### WORK REQUIRED:
Lines before the one containing "Windows 7 - PC information page" are excluded; print that line and every line after it through the end of the material below, exactly.

--- PROVIDED DATA Enclosed Below ---

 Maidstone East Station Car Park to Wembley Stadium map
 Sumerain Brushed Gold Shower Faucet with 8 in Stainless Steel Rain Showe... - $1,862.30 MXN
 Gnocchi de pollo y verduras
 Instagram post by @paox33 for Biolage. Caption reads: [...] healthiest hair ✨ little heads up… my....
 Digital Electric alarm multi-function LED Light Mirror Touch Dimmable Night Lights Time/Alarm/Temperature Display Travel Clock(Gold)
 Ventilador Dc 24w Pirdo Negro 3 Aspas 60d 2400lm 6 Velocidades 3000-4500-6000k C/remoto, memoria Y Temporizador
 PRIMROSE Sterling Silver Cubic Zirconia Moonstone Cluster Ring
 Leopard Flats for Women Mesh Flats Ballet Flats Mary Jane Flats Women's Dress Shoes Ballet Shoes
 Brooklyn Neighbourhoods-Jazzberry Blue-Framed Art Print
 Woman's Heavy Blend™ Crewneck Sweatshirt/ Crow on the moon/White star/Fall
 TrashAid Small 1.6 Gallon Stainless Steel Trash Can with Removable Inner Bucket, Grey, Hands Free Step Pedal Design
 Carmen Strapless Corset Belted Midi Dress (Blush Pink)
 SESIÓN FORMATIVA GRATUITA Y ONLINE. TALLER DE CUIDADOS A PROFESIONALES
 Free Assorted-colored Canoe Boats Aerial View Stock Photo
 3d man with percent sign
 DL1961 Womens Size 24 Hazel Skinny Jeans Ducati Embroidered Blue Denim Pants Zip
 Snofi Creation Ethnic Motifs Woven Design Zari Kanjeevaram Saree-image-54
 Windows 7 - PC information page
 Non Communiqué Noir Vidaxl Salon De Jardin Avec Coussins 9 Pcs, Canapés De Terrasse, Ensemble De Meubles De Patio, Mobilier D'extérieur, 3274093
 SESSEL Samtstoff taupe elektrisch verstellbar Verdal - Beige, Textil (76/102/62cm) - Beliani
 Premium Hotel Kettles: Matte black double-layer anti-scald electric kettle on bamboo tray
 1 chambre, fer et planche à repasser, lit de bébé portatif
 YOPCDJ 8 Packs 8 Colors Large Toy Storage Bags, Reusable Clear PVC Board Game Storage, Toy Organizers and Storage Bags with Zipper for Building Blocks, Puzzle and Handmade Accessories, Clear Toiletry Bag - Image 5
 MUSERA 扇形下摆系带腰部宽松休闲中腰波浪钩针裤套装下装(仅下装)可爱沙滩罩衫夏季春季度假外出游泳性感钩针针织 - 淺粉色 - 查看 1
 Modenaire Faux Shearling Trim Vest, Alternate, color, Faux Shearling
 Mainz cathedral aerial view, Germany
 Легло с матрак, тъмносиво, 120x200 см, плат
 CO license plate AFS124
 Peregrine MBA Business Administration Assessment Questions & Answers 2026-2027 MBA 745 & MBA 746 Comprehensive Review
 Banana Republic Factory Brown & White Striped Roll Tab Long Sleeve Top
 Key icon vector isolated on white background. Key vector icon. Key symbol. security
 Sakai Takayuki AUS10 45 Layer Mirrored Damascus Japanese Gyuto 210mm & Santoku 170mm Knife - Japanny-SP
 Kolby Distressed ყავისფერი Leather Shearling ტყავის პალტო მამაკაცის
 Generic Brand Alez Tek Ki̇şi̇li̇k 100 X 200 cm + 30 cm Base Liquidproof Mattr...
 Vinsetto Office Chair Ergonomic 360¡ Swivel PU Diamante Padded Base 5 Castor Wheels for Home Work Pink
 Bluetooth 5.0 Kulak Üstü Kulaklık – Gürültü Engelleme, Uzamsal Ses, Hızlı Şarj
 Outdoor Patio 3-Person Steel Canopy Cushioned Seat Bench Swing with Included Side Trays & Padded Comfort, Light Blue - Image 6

--- End of Enclosed PROVIDED DATA ---

### SOLUTION:
 Windows 7 - PC information page
 Non Communiqué Noir Vidaxl Salon De Jardin Avec Coussins 9 Pcs, Canapés De Terrasse, Ensemble De Meubles De Patio, Mobilier D'extérieur, 3274093
 SESSEL Samtstoff taupe elektrisch verstellbar Verdal - Beige, Textil (76/102/62cm) - Beliani
 Premium Hotel Kettles: Matte black double-layer anti-scald electric kettle on bamboo tray
 1 chambre, fer et planche à repasser, lit de bébé portatif
 YOPCDJ 8 Packs 8 Colors Large Toy Storage Bags, Reusable Clear PVC Board Game Storage, Toy Organizers and Storage Bags with Zipper for Building Blocks, Puzzle and Handmade Accessories, Clear Toiletry Bag - Image 5
 MUSERA 扇形下摆系带腰部宽松休闲中腰波浪钩针裤套装下装(仅下装)可爱沙滩罩衫夏季春季度假外出游泳性感钩针针织 - 淺粉色 - 查看 1
 Modenaire Faux Shearling Trim Vest, Alternate, color, Faux Shearling
 Mainz cathedral aerial view, Germany
 Легло с матрак, тъмносиво, 120x200 см, плат
 CO license plate AFS124
 Peregrine MBA Business Administration Assessment Questions & Answers 2026-2027 MBA 745 & MBA 746 Comprehensive Review
 Banana Republic Factory Brown & White Striped Roll Tab Long Sleeve Top
 Key icon vector isolated on white background. Key vector icon. Key symbol. security
 Sakai Takayuki AUS10 45 Layer Mirrored Damascus Japanese Gyuto 210mm & Santoku 170mm Knife - Japanny-SP
 Kolby Distressed ყავისფერი Leather Shearling ტყავის პალტო მამაკაცის
 Generic Brand Alez Tek Ki̇şi̇li̇k 100 X 200 cm + 30 cm Base Liquidproof Mattr...
 Vinsetto Office Chair Ergonomic 360¡ Swivel PU Diamante Padded Base 5 Castor Wheels for Home Work Pink
 Bluetooth 5.0 Kulak Üstü Kulaklık – Gürültü Engelleme, Uzamsal Ses, Hızlı Şarj
 Outdoor Patio 3-Person Steel Canopy Cushioned Seat Bench Swing with Included Side Trays & Padded Comfort, Light Blue - Image 6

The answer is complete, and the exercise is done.